# Kadesma's obituary and guest book.



## Katie H

Ever since we learned of kadesma's death I've been looking for her obituary.  I found it here.  There's also a link to the funeral home to click on.

We'll now have an opportunity to sign her guest book.  In the space for my last name I put (DiscussCooking.com) next to my last name so her family would know that I am part of kadesma's Internet family.


----------



## Whiskadoodle

Thank you Katie.


----------



## Katie H

There's also an option to light a candle, if one so desires.


----------



## Dawgluver

Thanks, Katie.  I'd tried to find it too, may have been too soon.


----------



## gmpoggi

I think you have the correct link.  I am pasting it here as well.  There is a guest book for the Modesto Bee as well.  It is to the right of her photos.
Carole Toso Obituary: View Carole Toso's Obituary by Modesto Bee
 We are having a celebration of her life on Monday.  We will post photos of the event on the guest book that is next to her pictures if you want to see them.  Give us some time though.  I can't promise it will be done on Monday.  
 Thank you again for the flowers and outpouring of love for my mother.
 Gina


----------



## jennyema

Holy ****!!!  Really ??

I didn't realize the reposting of her recipes recently were because she had passed.
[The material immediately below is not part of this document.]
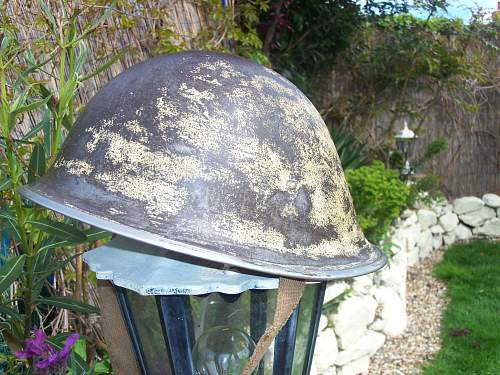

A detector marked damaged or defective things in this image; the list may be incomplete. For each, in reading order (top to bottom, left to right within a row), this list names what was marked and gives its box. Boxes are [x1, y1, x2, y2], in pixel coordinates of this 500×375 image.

rusted metal surface [18, 51, 382, 280]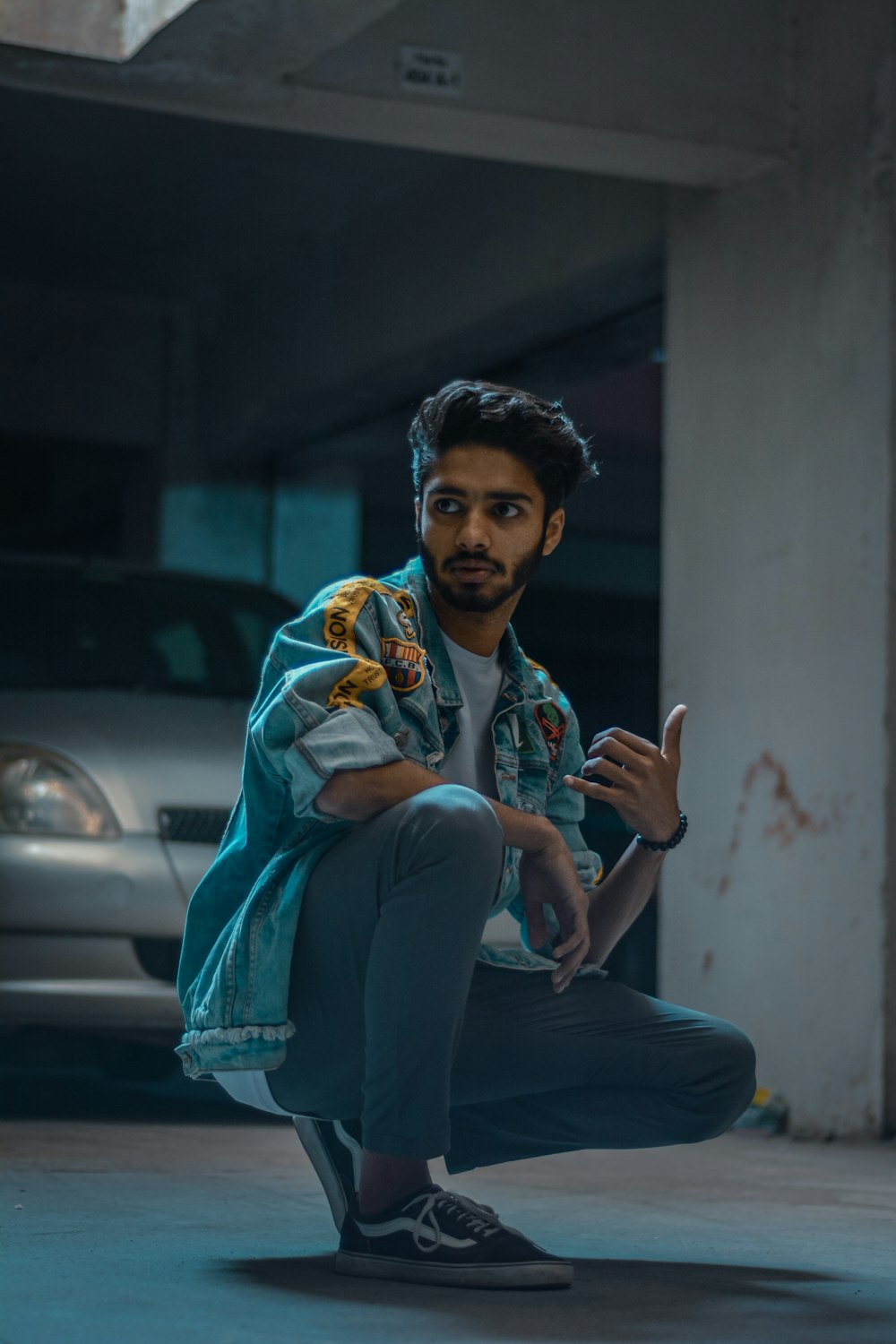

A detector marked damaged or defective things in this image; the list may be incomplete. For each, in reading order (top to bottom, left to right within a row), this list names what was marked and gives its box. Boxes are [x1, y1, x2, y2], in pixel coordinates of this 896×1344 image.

rust stain [713, 753, 846, 900]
So sad .  She was delightful.


----------



## Kayelle

Katie, I wonder if it's possible to post this link to her guest book?

http://www.discusscooking.com/forums/f29/we-must-say-farewell-to-one-of-our-own-88077.html


----------



## Katie H

I don't know, Kayelle.  Perhaps someone with more computer savvy could help.


----------



## CatPat

I saw this. I am very sad. Rest well, kadesma.

With love,
~Cat


----------



## tropical cooker

I posted your link to the guest book.  I don't know if the censors reviewing the entiries will let it through.  We'll see.


----------



## Katie H

tropical cooker said:


> I posted your link to the guest book.  I don't know if the censors reviewing the entiries will let it through.  We'll see.




Hooray!  The censors allowed the link.  Thank you.


----------



## middie

She passed???? What happened???? Oh my gosh I'm so sad


----------



## msmofet

Rest in peace Ma.


----------



## Chief Longwind Of The North

Thanks Katie.

Seeeeeya; Chief Longwind of the North


----------